The script can be given an executable mode, or permission, using the
:program:`chmod` command::
$ chmod +x myscript.py
On Windows systems, there is no notion of an "executable mode". The Python
installer automatically associates ``.py`` files with ``python.exe`` so that
a double-click on a Python file will run it as a script. The extension can
also be ``.pyw``, in that case, the console window that normally appears is
suppressed.
Source Code Encoding
--------------------
By default, Python source files are treated as encoded in UTF-8. In that
encoding, characters of most languages in the world can be used simultaneously
in string literals, identifiers and comments --- although the standard library
only uses ASCII characters for identifiers, a convention that any portable code
should follow. To display all these characters properly, your editor must
recognize that the file is UTF-8, and it must use a font that supports all the
characters in the file.
It is also possible to specify a different encoding for source files. In order
to do this, put one more special comment line right after the ``#!`` line to
define the source file encoding::
# -*- coding: encoding -*-
With that declaration, everything in the source file will be treated as having
the encoding *encoding* instead of UTF-8. The list of possible encodings can be
found in the Python Library Reference, in the section on :mod:`codecs`.

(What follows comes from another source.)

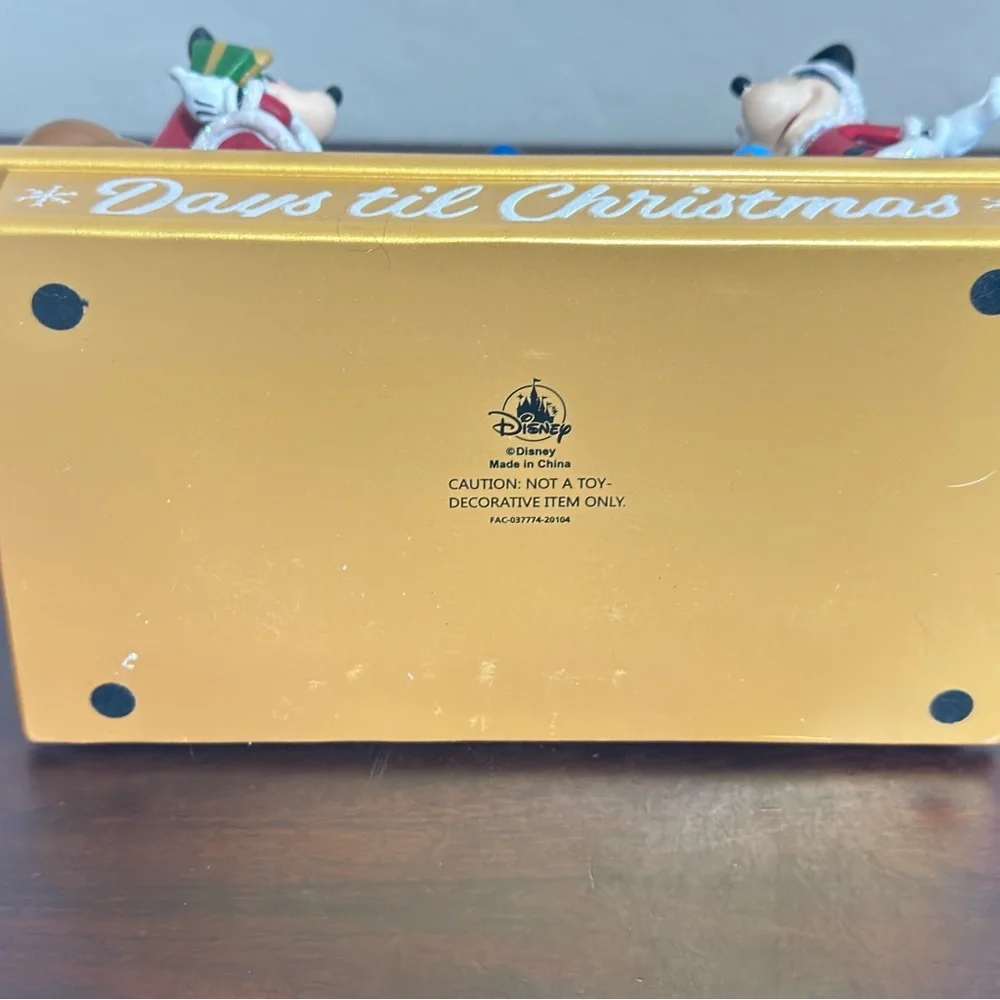 Disney Parks Mickey & Minnie Christmas Holiday Castle Countdown Calendar 2020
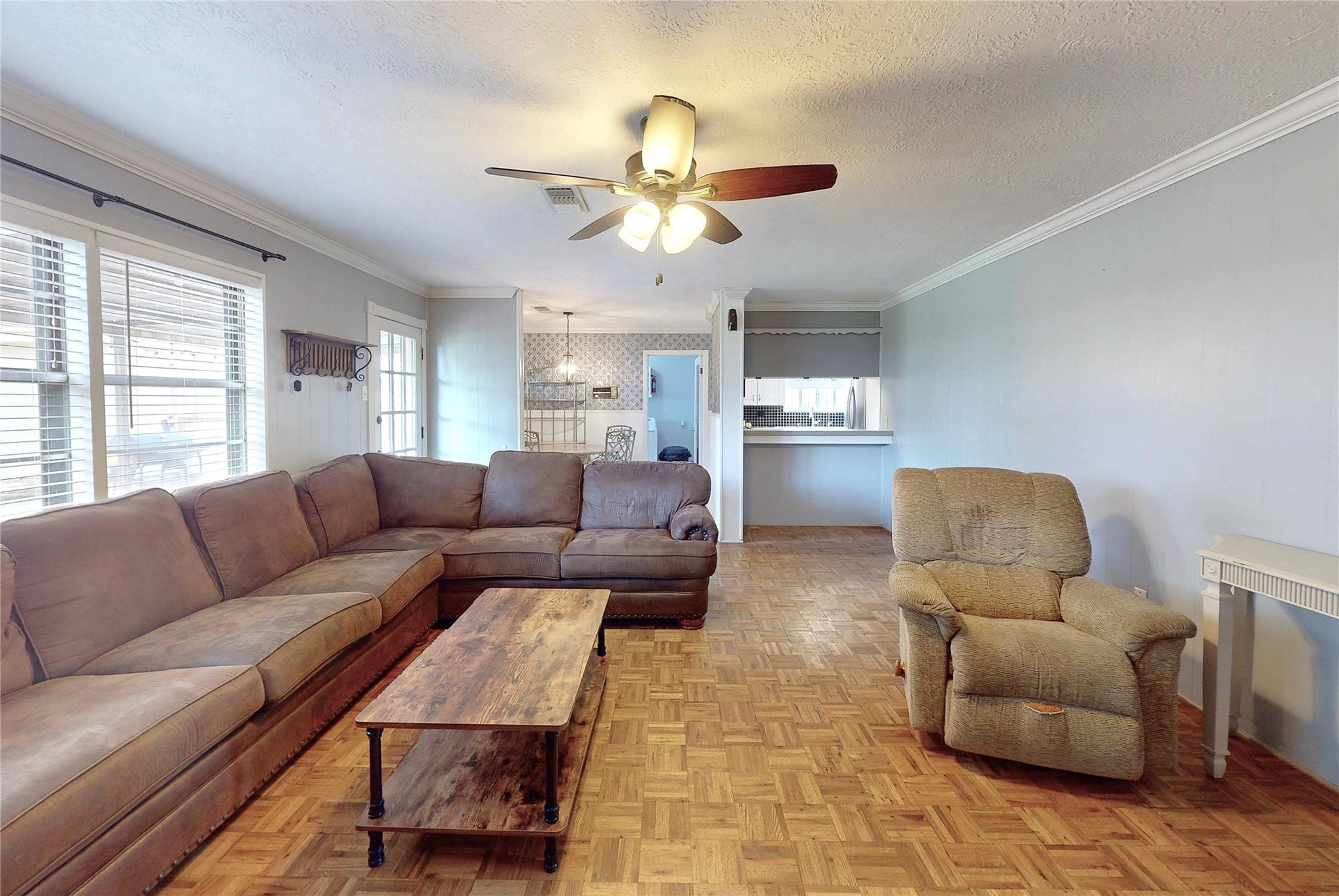 2106 S Memorial Court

For example, if your editor of choice does not support UTF-8 encoded files and
insists on using some other encoding, say Windows-1252, you can write::
# -*- coding: cp-1252 -*-
and still use all characters in the Windows-1252 character set in the source
files. The special encoding comment must be in the *first or second* line
within the file.
.. _tut-startup:
The Interactive Startup File
----------------------------
When you use Python interactively, it is frequently handy to have some standard
commands executed every time the interpreter is started. You can do this by
setting an environment variable named :envvar:`PYTHONSTARTUP` to the name of a
file containing your start-up commands. This is similar to the :file:`.profile`
feature of the Unix shells.
.. XXX This should probably be dumped in an appendix, since most people
don't use Python interactively in non-trivial ways.
This file is only read in interactive sessions, not when Python reads commands
from a script, and not when :file:`/dev/tty` is given as the explicit source of
commands (which otherwise behaves like an interactive session). It is executed
in the same namespace where interactive commands are executed, so that objects
that it defines or imports can be used without qualification in the interactive
session. You can also change the prompts ``sys.ps1`` and ``sys.ps2`` in this
file.
If you want to read an additional start-up file from the current directory, you
can program this in the global start-up file using code like ``if
os.path.isfile('.pythonrc.py'): exec(open('.pythonrc.py').read())``.
If you want to use the startup file in a script, you must do this explicitly
in the script::
import os
filename = os.environ.get('PYTHONSTARTUP')
if filename and os.path.isfile(filename):
exec(open(filename).read())
.. rubric:: Footnotes
.. [#] A problem with the GNU Readline package may prevent this.